An OFWAT spokesperson told Co-operative News the plans could “offer great potential to all business models including social enterprises as part of an effective and vibrant market which the government asked us to look into”.
But not everyone is convinced.
It was set up in 2001 and financed via a bond issue of £1.9bn – one of the largest ever in the UK. Under Glas Cymru, its assets and capital investment are financed by bonds and retained financial surpluses.
Efficiency savings to date have largely been used to build up reserves to insulate Welsh Water and its customers from any unexpected costs and to improve credit quality so that Welsh Water’s cost of finance can be kept as low as possible in the years ahead.
Long-serving co-operator Alex Bird, one of its 43 members, became involved after advising a cross-party group in Northern Ireland (where water has historically been provided free of charge) on the business model.

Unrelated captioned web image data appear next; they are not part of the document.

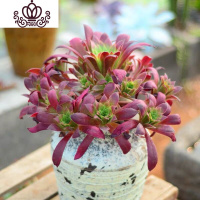 封后万圣节法师多肉精品多肉植物绿捧花缀化一物一拍清棚 驼色孔雀30cm捧花 不含盆花卉绿植盆栽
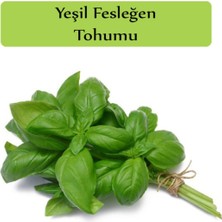 Çermik Fidancılık Yeşil Reyhan ( Fesleğen ) Tohumu 10 gr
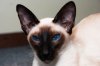 1512210439_siamskaya_koshka_al_herms.jpg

“We are a company limited by guarantee so membership is not open to every consumer,” he said. “We have 43 members who hold the board of directors to account and, though recruitment is done in a conventional way, we meet several times a year and carry out technical visits to sites.”
But Mr Bird, a director of Co-operatives UK and chair of the Development Co-operatives consortium in Wales, warns there are as many threats as opportunities if Wales goes down the deregulation path.
“If the liberalisation comes across to Wales, other water companies can come into the Welsh market,” he said, “and we would be able to move across to England and take the opportunity to do more water-related things which could be ploughed back into the not-for-profit company.
“However it is regarded as quite a threat as well as an opportunity. When Welsh Water was formed over 15 years ago, it was done with a lot of knowledge and support from the community. It was bought off a private operator and badly needed investment.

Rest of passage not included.